- **SUPPLIED RECORDS**
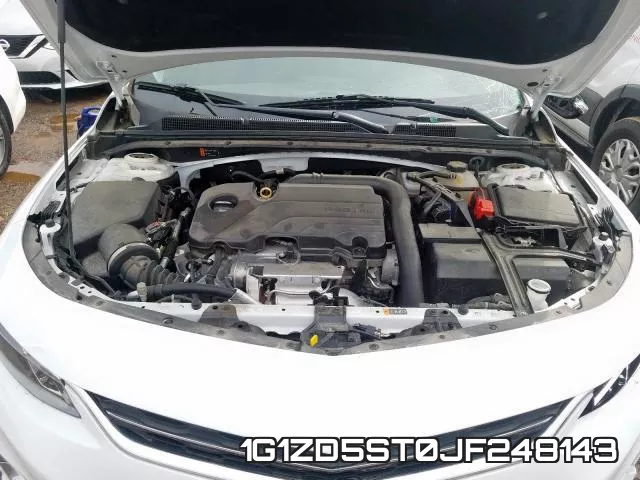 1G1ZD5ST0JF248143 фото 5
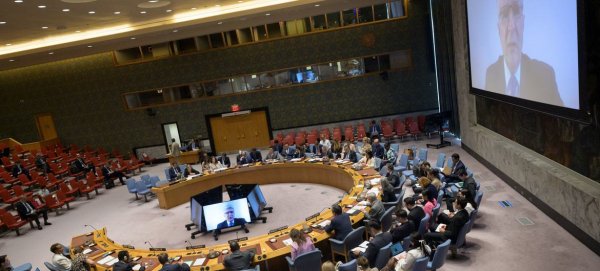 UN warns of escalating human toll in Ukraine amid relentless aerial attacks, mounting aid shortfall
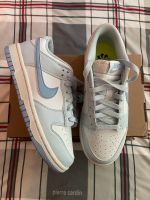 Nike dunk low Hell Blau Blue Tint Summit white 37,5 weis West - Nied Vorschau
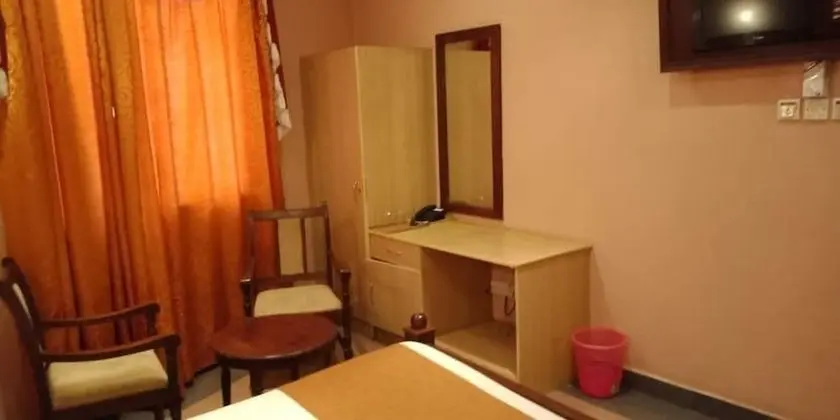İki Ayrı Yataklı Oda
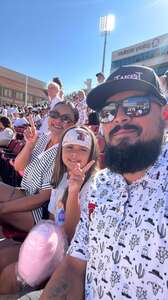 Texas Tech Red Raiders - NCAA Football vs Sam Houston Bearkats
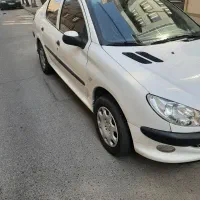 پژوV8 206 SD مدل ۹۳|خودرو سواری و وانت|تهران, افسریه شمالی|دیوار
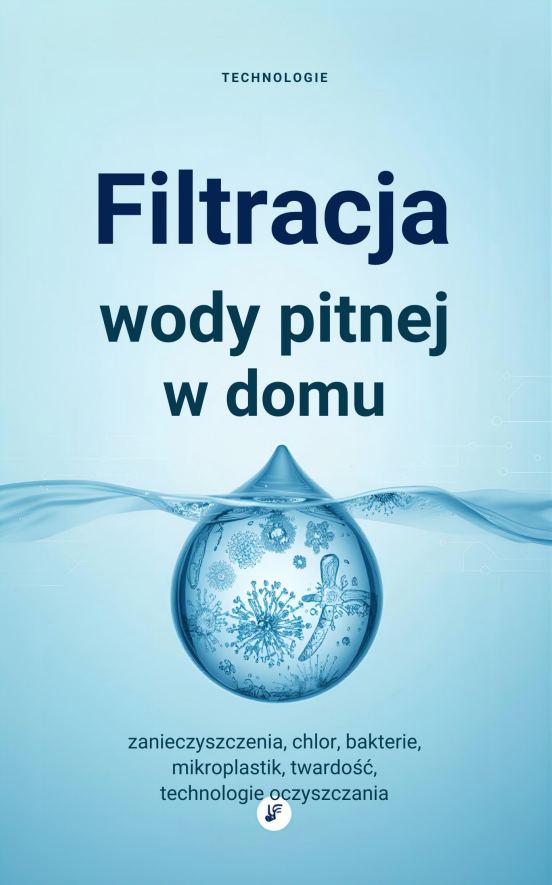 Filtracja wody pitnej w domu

- **INSTRUCTIONS FOR THE TASK**
Copy the line showing "İki Ayrı Yataklı Oda" exactly, along with each line after it through the end of the material above. Pictures stay out.

- **EXERCISE OUTPUT**
İki Ayrı Yataklı Oda
 Texas Tech Red Raiders - NCAA Football vs Sam Houston Bearkats
 پژوV8 206 SD مدل ۹۳|خودرو سواری و وانت|تهران, افسریه شمالی|دیوار
 Filtracja wody pitnej w domu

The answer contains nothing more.